*RECORDS SUPPLIED*:
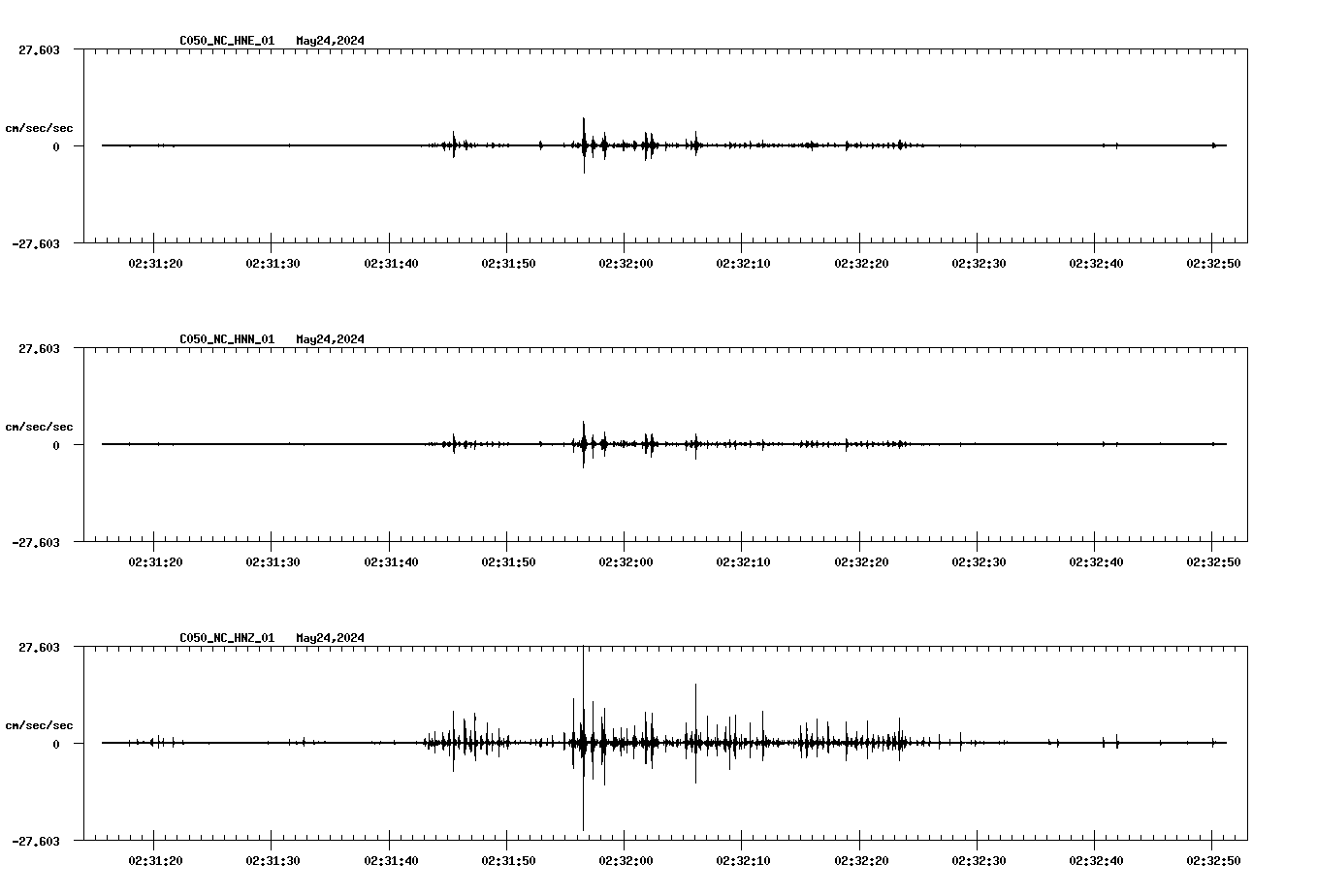 NetQuakes seismogram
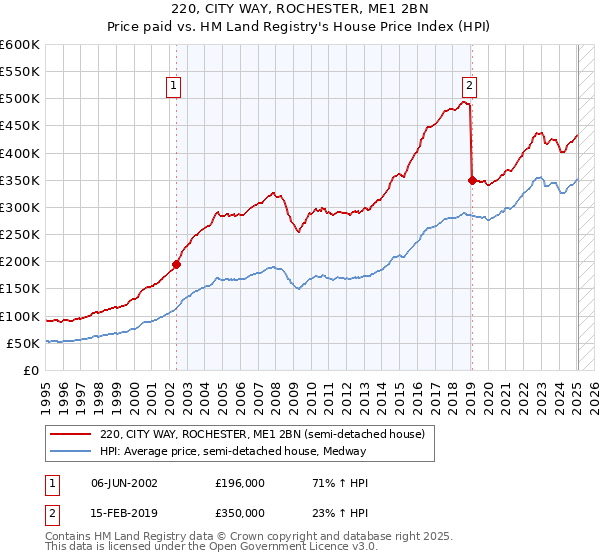 220, CITY WAY, ROCHESTER, ME1 2BN: Price paid vs HM Land Registry's House Price Index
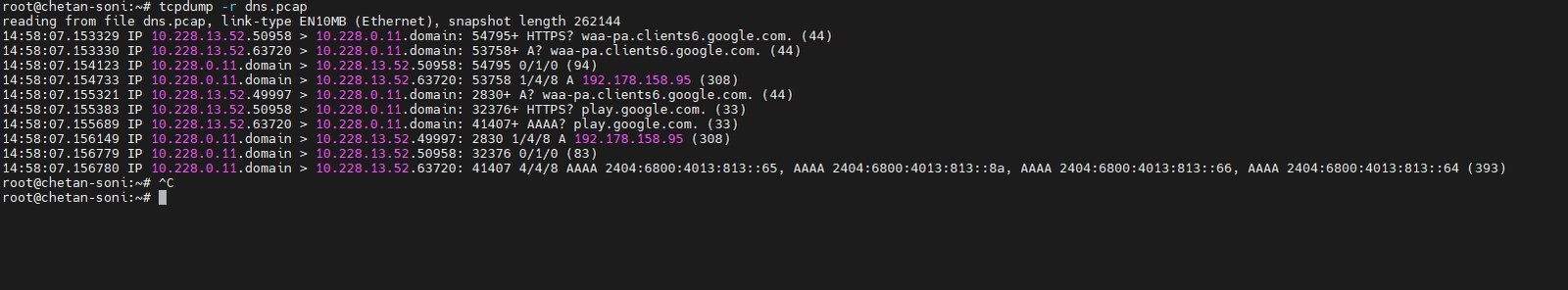 Tcpdump Howsnip
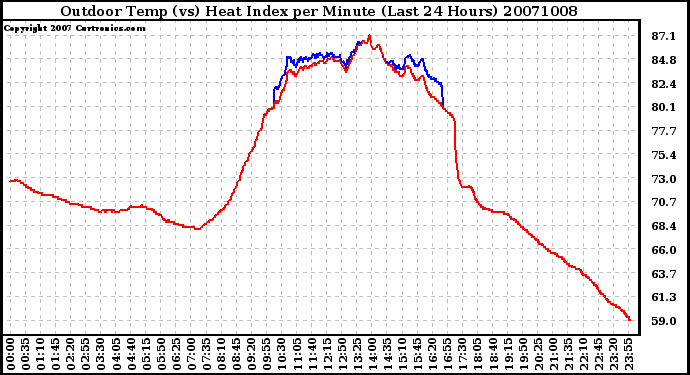 Milwaukee Weather Outdoor Temp (vs) Heat Index per Minute (Last 24 Hours)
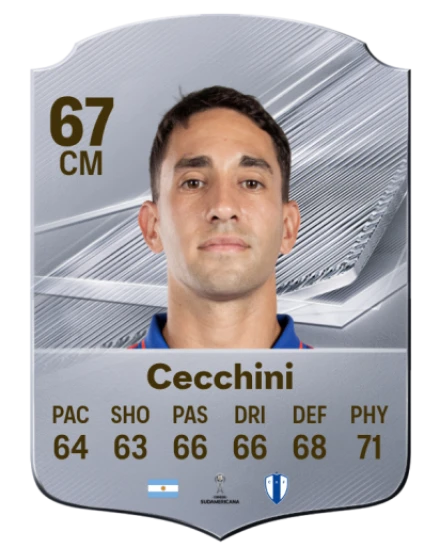 Cecchini 67 Common CM FC 26 card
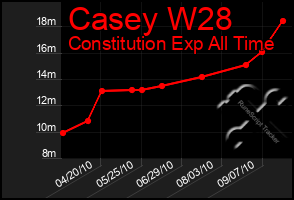 Total Graph of Casey W28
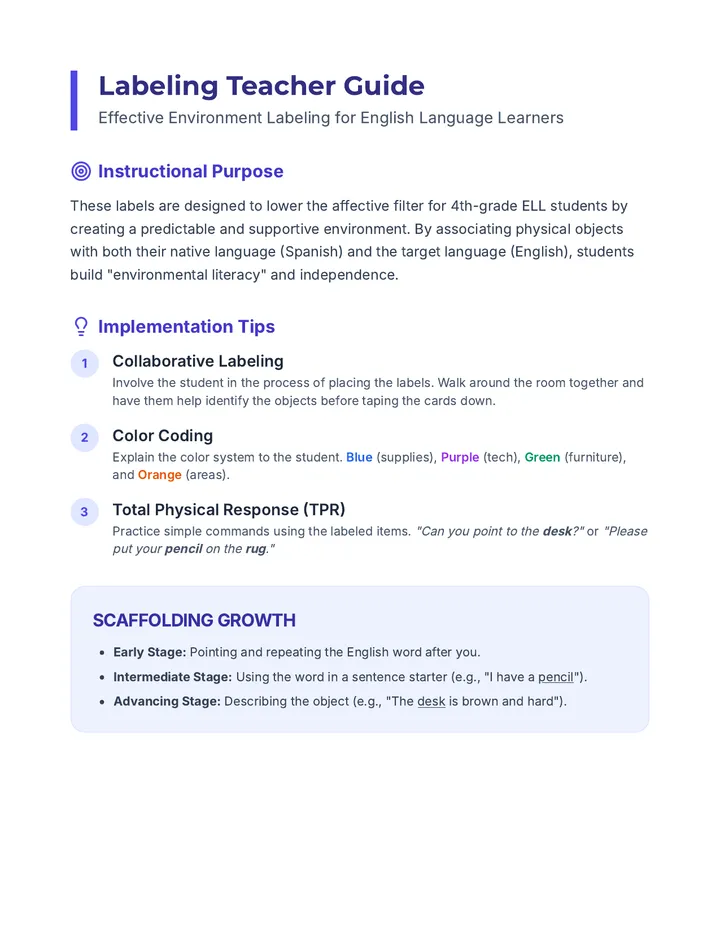 Labeling Teacher Guide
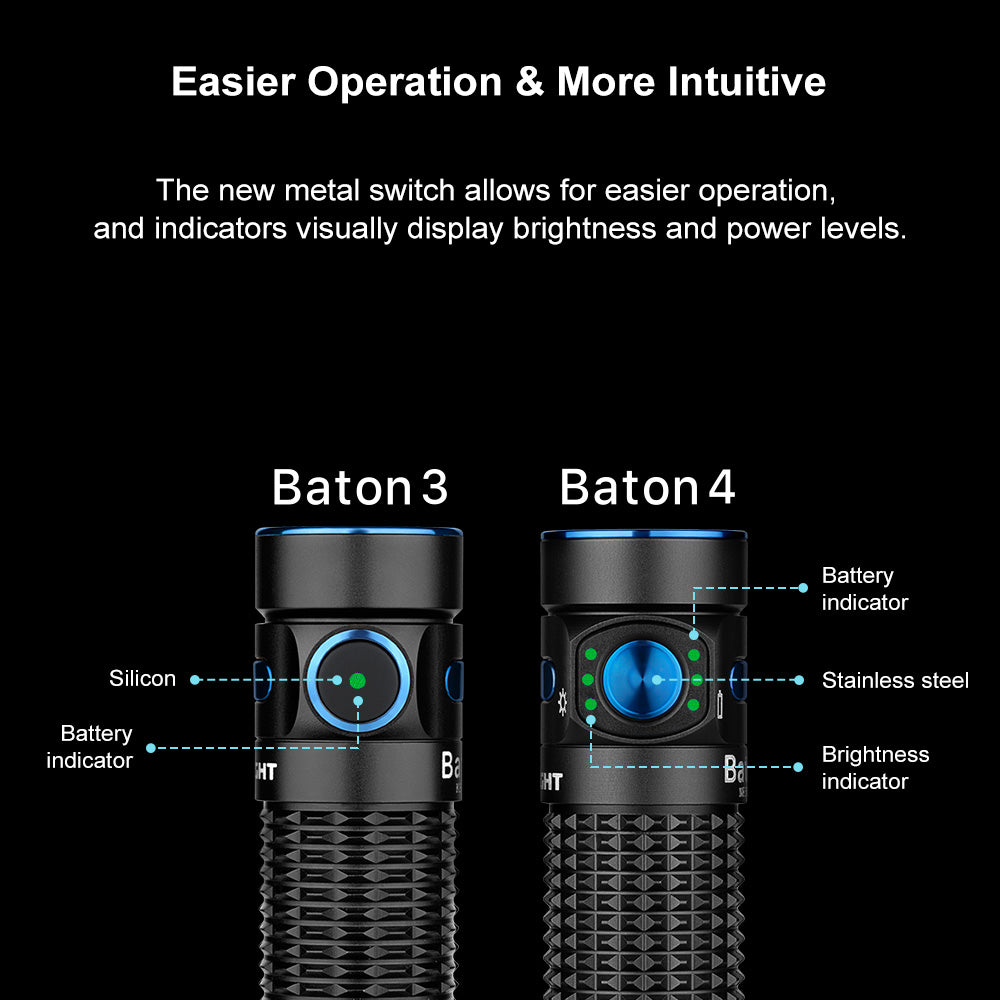 Baton 4 Powerful EDC Torch 1300 Lumens (Premium Edition)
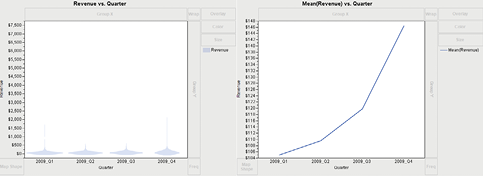 Figure 3.18  Revenue by Quarter Using Contours and Line Graphs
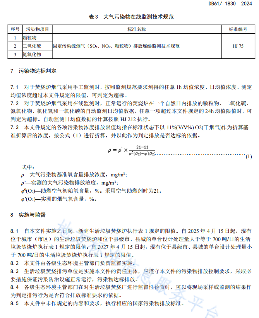 关中地区垃圾焚烧排放标准发布｜大气污染物控制新指南(图9)
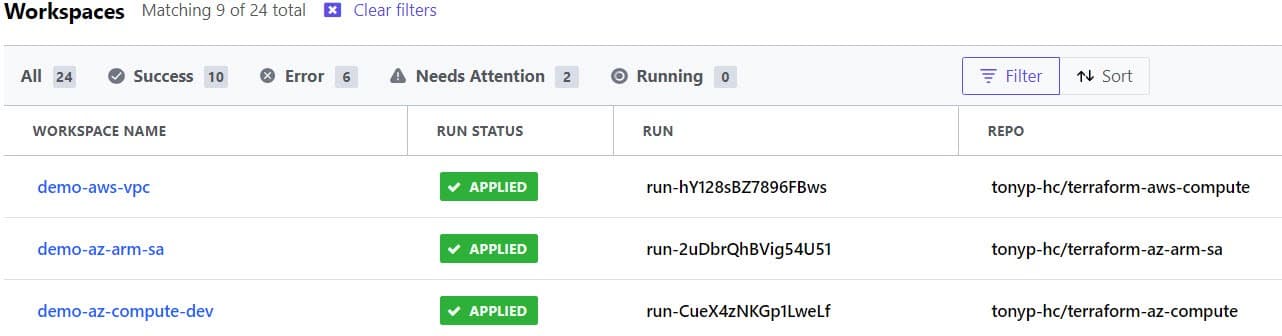 Concurrent workspace deployment in Terraform Enterprise or Cloud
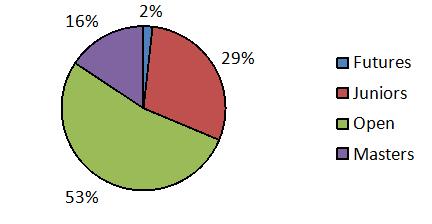 Age Distribution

*AIM OF THE TASK*:
Print again, exactly, the lines of the records above from the first line through the line with "Labeling Teacher Guide". No pictures.

*EXERCISE RESPONSE*:
 NetQuakes seismogram
 220, CITY WAY, ROCHESTER, ME1 2BN: Price paid vs HM Land Registry's House Price Index
 Tcpdump Howsnip
 Milwaukee Weather Outdoor Temp (vs) Heat Index per Minute (Last 24 Hours)
 Cecchini 67 Common CM FC 26 card
 Total Graph of Casey W28
 Labeling Teacher Guide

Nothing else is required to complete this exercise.